For the above reason, most parents would choose an identified surrender instead.    An identified surrender also ends your relationship with your child.  However, unlike in a general surrender, you can designate a specific person to adopt your child, usually the current caregiver.  If your child is in the care of a relative who wishes to adopt, an identified surrender allows for the possibility that the adoptive parent might allow contact with your child in the future.  However, you can also execute and identified surrender if your child is in the care of a foster parent.

When you execute an identified surrender, you surrender your rights on the condition that your child is adopted by the person you designate.  If for any reason, the adoption does not take place, DCPP must notify you, and tell you that your surrender is void.  At that point your parental rights are reinstated, and you once again have the right to a trial.  

DCPP does not have to accept an identified surrender, and will only allow it if you are willing to surrender to the current caregiver.  You cannot surrender to anyone else.   If your surrender becomes void, DCPP may not be willing to offer an identified surrender and may ask if you will agree to a general surrender.  You do not have to agree to a general surrender and have the right to a trial.   If your identified surrender is void, it is because DCPP's original plan was not executed and it is DCPP's obligation to come up with another one.  You may be in a better situation at this point than you were when you originally decided to surrender. 

You need to contact your lawyer if you have executed a surrender that is now void.  If OPR has represented you, you need to reapply for the public defender so OPR can reassign your lawyer.   If you.  If you had a private attorney, you need to let him or her know that the situation has changed.
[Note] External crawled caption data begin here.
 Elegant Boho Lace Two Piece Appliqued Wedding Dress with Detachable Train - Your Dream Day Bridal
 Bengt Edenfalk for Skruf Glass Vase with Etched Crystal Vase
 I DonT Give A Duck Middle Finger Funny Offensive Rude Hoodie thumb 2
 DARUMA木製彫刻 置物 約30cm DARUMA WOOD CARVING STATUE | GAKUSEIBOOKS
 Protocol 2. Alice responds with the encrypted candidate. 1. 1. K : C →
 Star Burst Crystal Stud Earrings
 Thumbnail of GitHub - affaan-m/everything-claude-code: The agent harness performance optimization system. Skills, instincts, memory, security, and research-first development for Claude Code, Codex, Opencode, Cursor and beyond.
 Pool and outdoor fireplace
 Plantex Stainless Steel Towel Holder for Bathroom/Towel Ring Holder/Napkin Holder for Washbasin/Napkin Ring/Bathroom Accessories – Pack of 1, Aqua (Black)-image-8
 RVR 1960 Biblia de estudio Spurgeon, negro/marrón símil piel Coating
Every case is different.  Your lawyer can advise you but your decision is ultimately yours.   You genuinely think your child is better off with the people who have been caring for him or her.  If you feel that for whatever reason that you cannot parent your child, you are not a bad parent if you give your child to someone who can.   You may decide that the best gift you can give with your child is to allow your child to be raised by adoptive parents who can give him or her what you cannot. 

If you decide to surrender, you will be asked to fill out a form and testify in court.  Your lawyer will discuss this form with you before you make your final decision.  When you go into court you will be sworn and your lawyer will ask you the same questions on the form that you just signed.

But there is no reason to surrender if you don't feel that way.  A surrender does not help your legal position.  DCPP may make you think that if you lose the trial, they will automatically seek to remove any future children you have and will not provide services for you, but that if you surrender, they would work with you in that situation.  Those statements are not accurate.   It is true that if you lose your trial, DCPP may remove your future children, but that decision is at their discretion and they may still decide to work with you even if they do.  Don't let anything DCPP says influence your decision.  The only people who should influence your decision are your loved ones, your therapists or counselors, and your lawyer.

You may feel that you want to go to trial because you feel strongly that your child should be with you.  You may be thinking about the day  your child finds you in the future and that you want him or her to know that you did not give up and that you did all that you could.   Your lawyer may advise you that there is a chance of success at trial and that he or she feels you should not surrender.  I tell all my clients that I will support whatever decision they make.